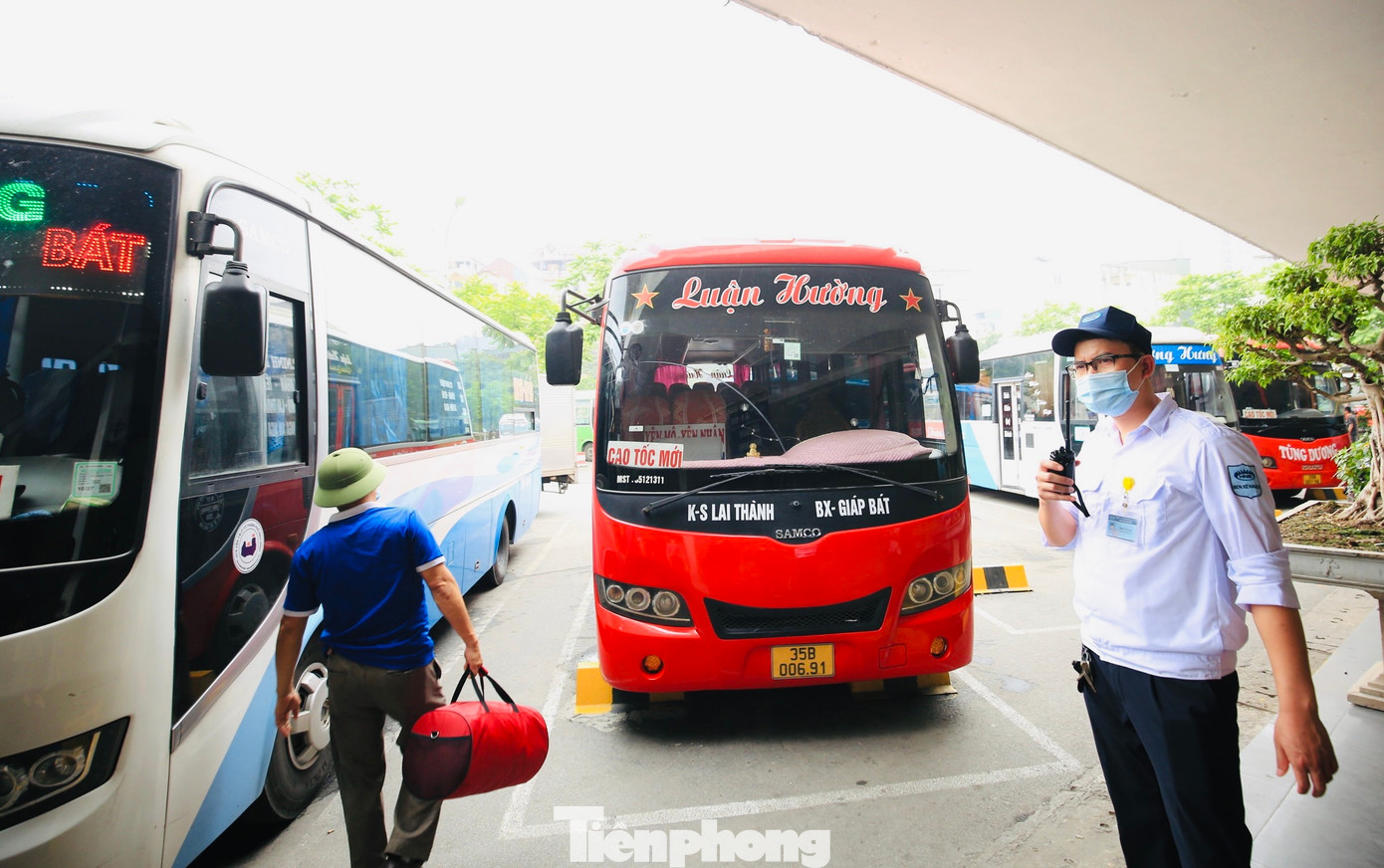 Tại bến Giáp Bát, lượng khách được dự báo tăng cao nhất trong dịp này khoảng 18.000 lượt/ngày, tăng 300% so với ngày thường.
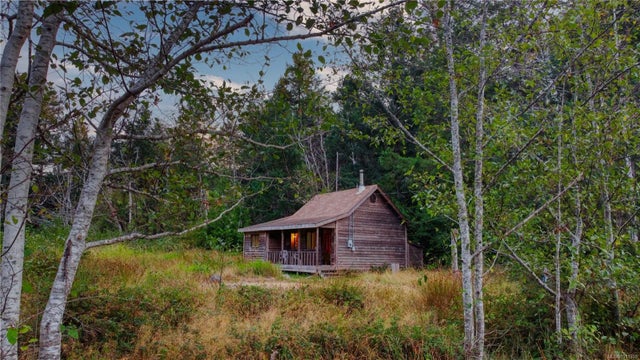 1 of 18 - 5250 Fowler Rd, Hornby Island, BC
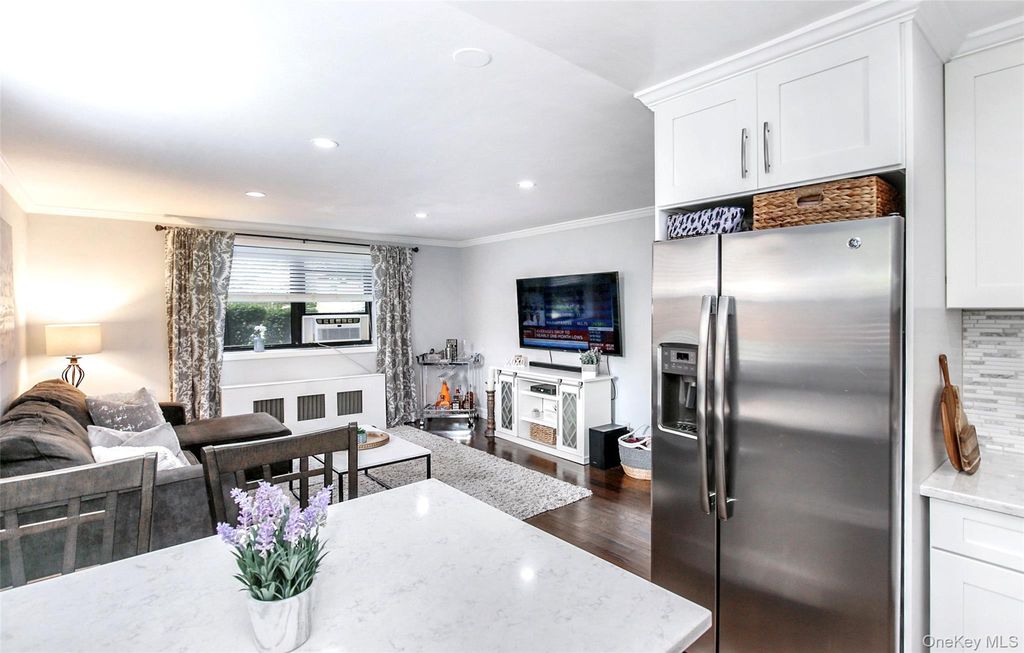 312 Richbell Road A2, Mamaroneck, NY 10543 — exterior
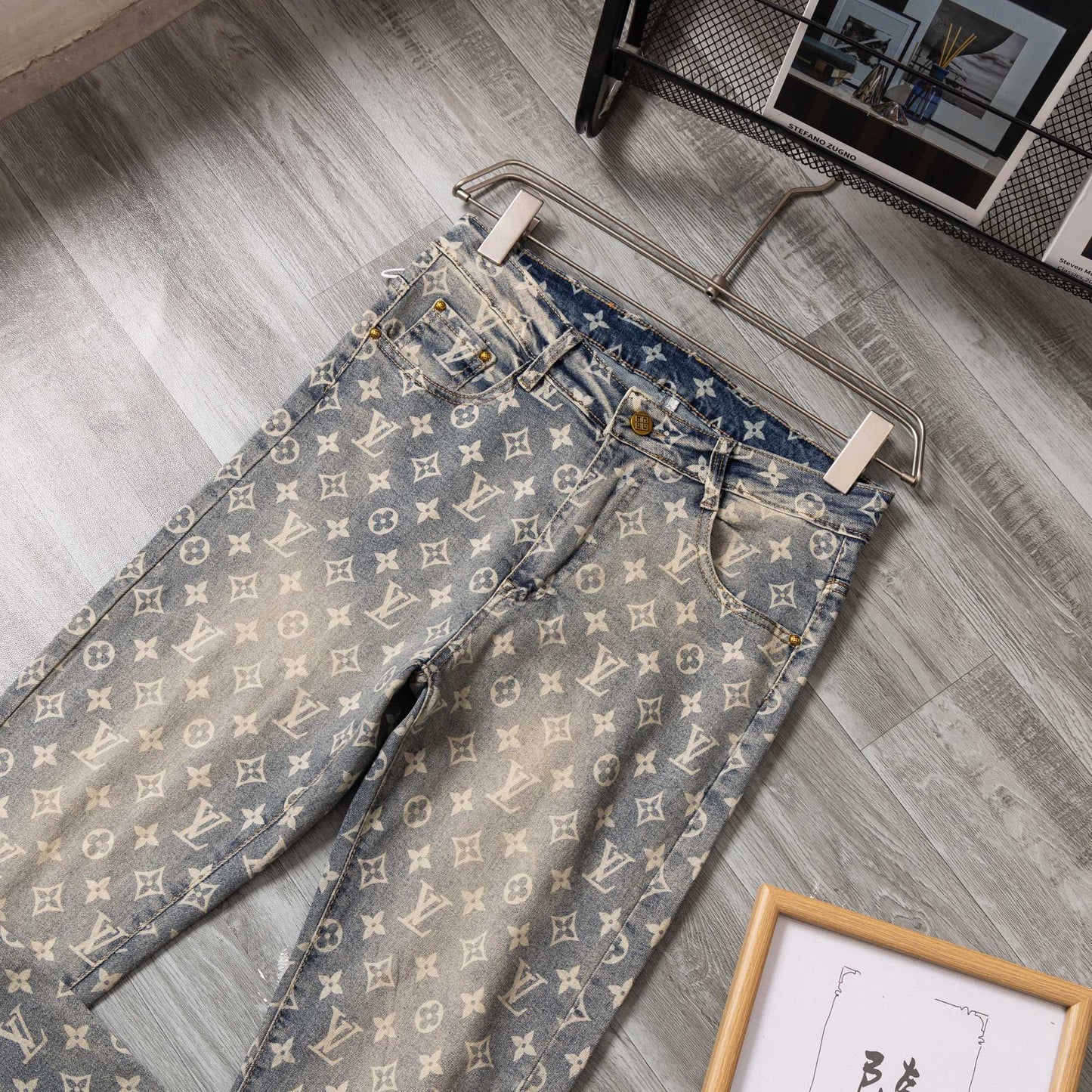 LV jeans 1825060604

▸ **WORK REQUEST**
Each of the lines above should be transcribed exactly; no image is to be copied.

▸ **TASK SOLUTION**
 Tại bến Giáp Bát, lượng khách được dự báo tăng cao nhất trong dịp này khoảng 18.000 lượt/ngày, tăng 300% so với ngày thường.
 1 of 18 - 5250 Fowler Rd, Hornby Island, BC
 312 Richbell Road A2, Mamaroneck, NY 10543 — exterior
 LV jeans 1825060604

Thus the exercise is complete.